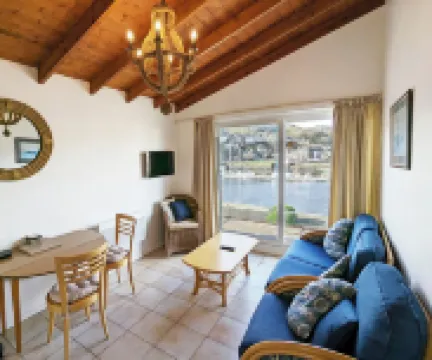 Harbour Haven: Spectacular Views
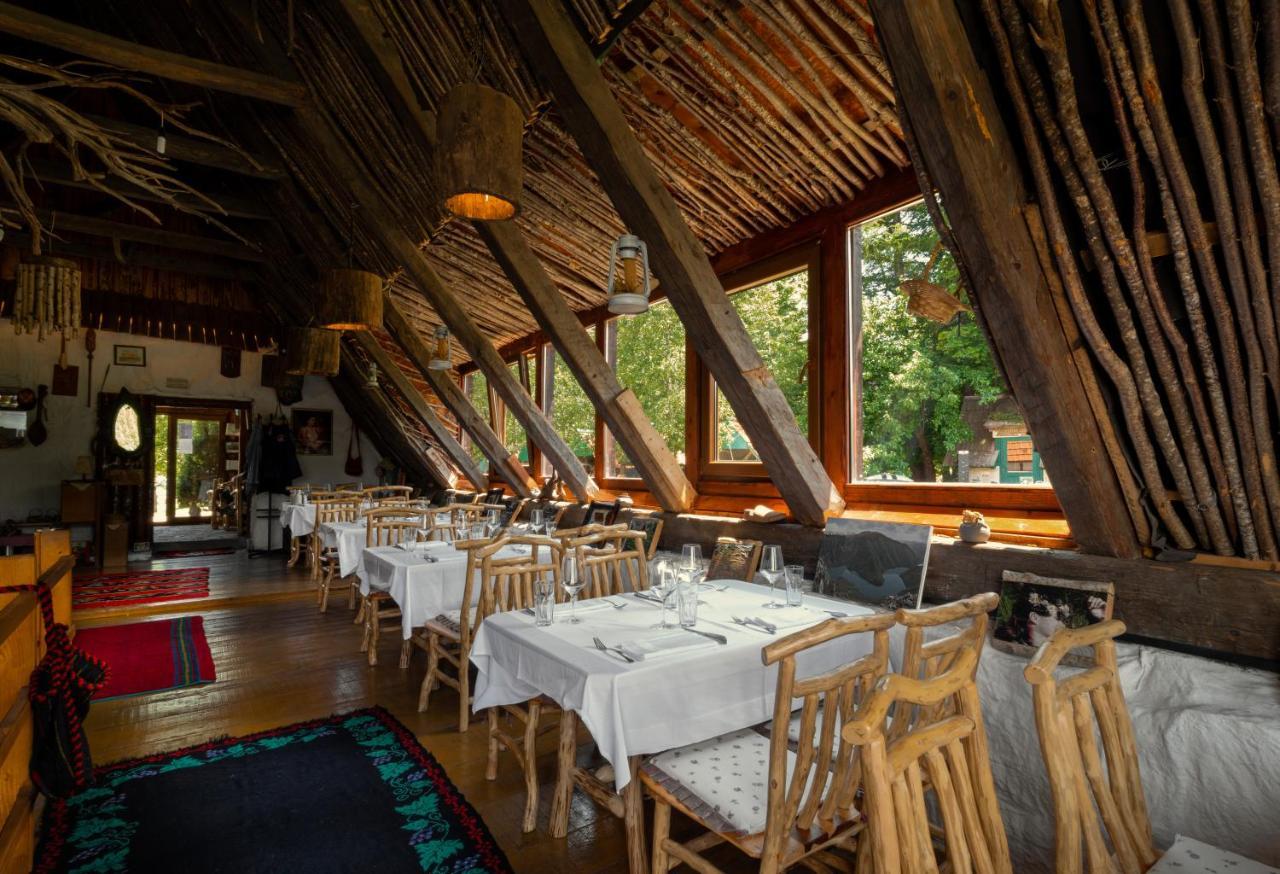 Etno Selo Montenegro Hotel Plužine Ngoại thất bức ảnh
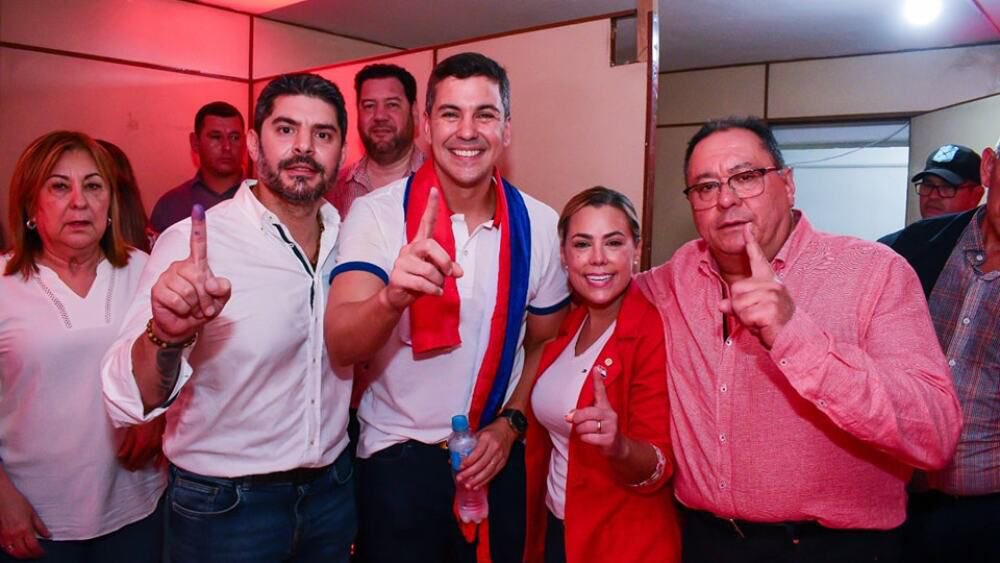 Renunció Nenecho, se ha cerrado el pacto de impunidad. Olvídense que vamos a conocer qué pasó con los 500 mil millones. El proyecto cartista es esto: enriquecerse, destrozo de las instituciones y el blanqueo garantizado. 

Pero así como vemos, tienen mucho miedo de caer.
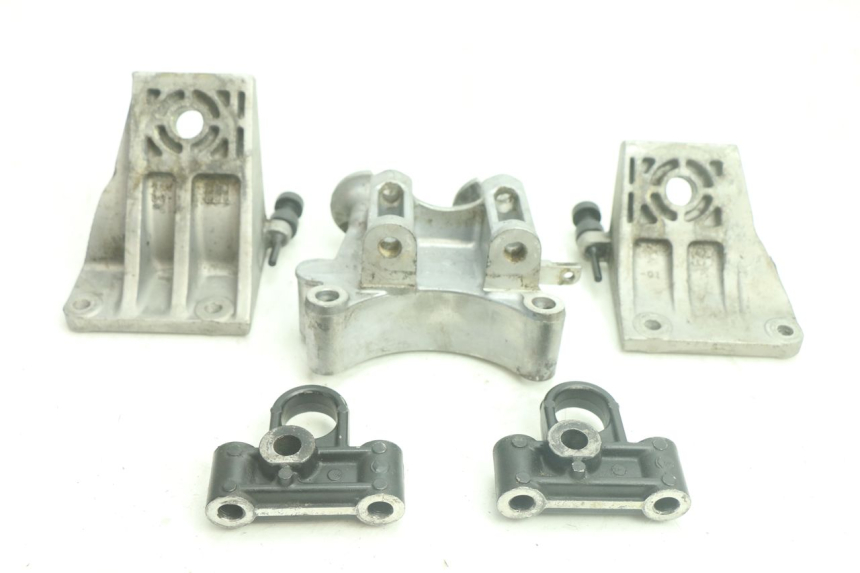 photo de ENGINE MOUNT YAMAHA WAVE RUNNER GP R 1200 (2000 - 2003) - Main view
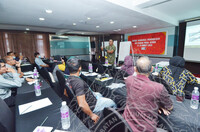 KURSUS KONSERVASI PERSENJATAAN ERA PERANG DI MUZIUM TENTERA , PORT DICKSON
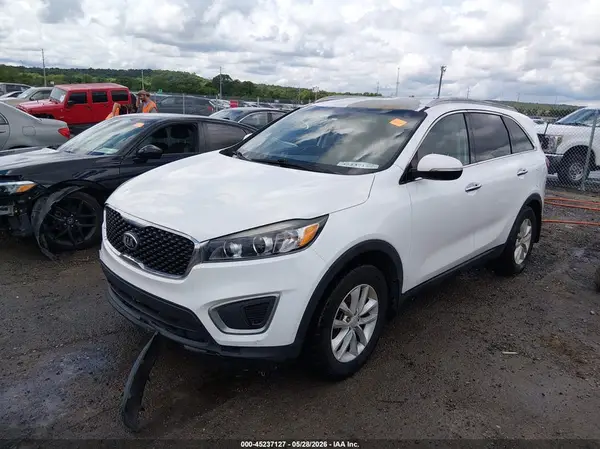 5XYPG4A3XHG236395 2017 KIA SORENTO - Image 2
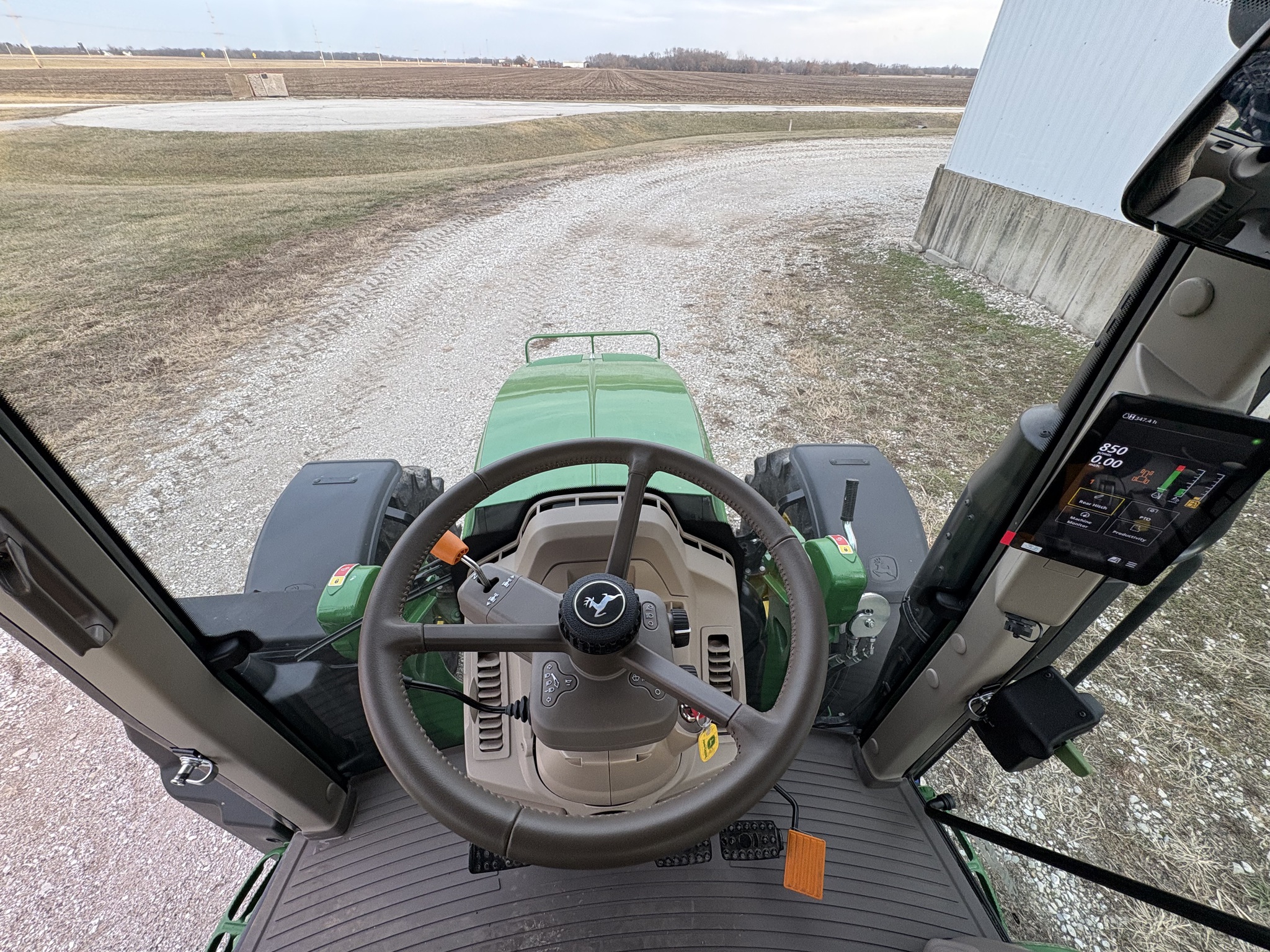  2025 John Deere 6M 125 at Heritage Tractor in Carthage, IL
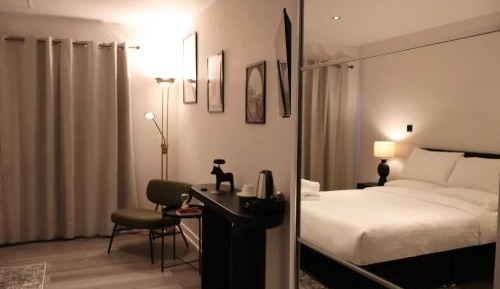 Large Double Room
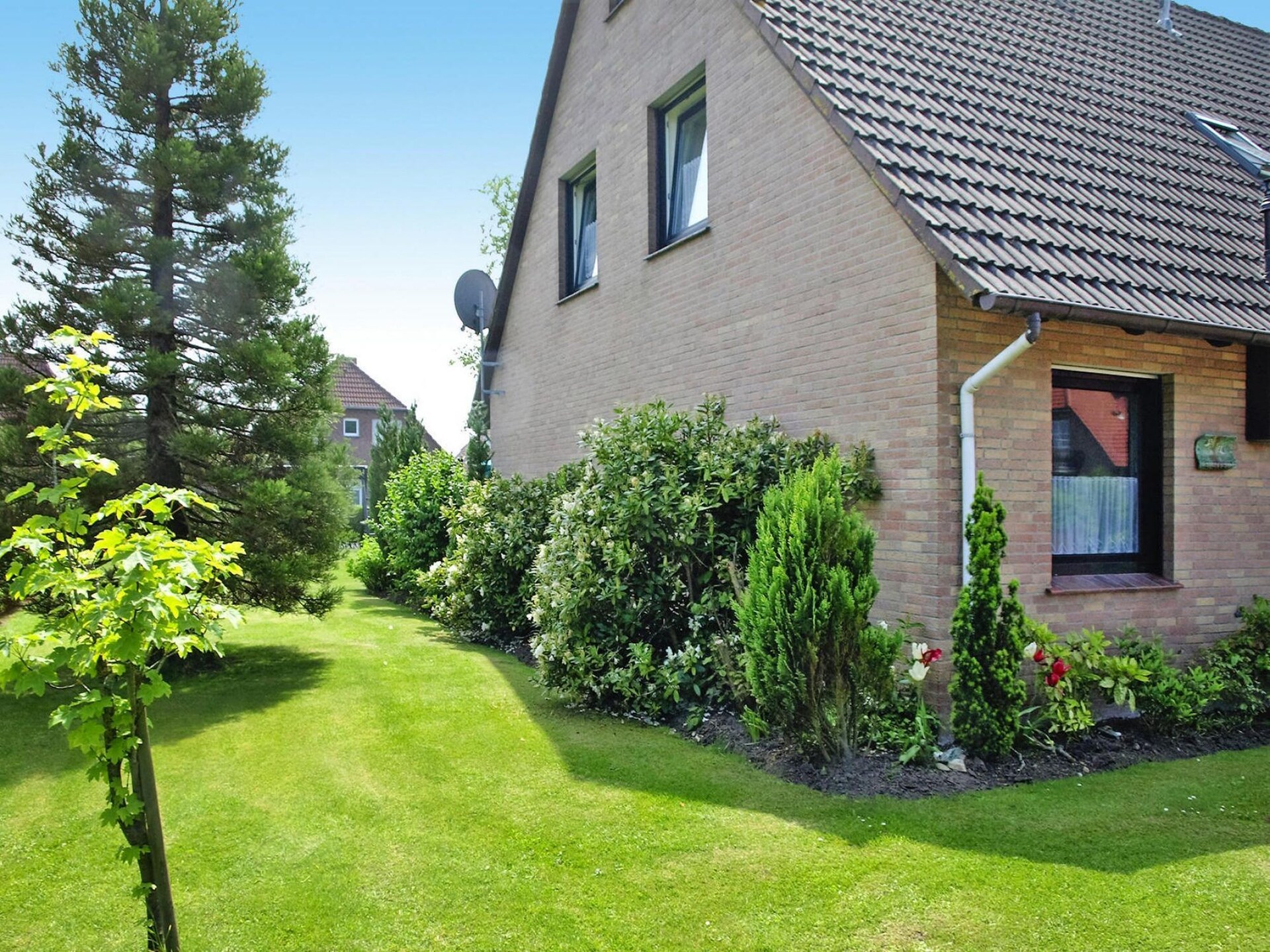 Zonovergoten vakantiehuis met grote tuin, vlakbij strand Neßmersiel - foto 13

---+---

### The problem
The answer should contain all the material above, copied exactly, and no images.

### Answer
 Harbour Haven: Spectacular Views
 Etno Selo Montenegro Hotel Plužine Ngoại thất bức ảnh
 Renunció Nenecho, se ha cerrado el pacto de impunidad. Olvídense que vamos a conocer qué pasó con los 500 mil millones. El proyecto cartista es esto: enriquecerse, destrozo de las instituciones y el blanqueo garantizado. 

Pero así como vemos, tienen mucho miedo de caer.
 photo de ENGINE MOUNT YAMAHA WAVE RUNNER GP R 1200 (2000 - 2003) - Main view
 KURSUS KONSERVASI PERSENJATAAN ERA PERANG DI MUZIUM TENTERA , PORT DICKSON
 5XYPG4A3XHG236395 2017 KIA SORENTO - Image 2
  2025 John Deere 6M 125 at Heritage Tractor in Carthage, IL
 Large Double Room
 Zonovergoten vakantiehuis met grote tuin, vlakbij strand Neßmersiel - foto 13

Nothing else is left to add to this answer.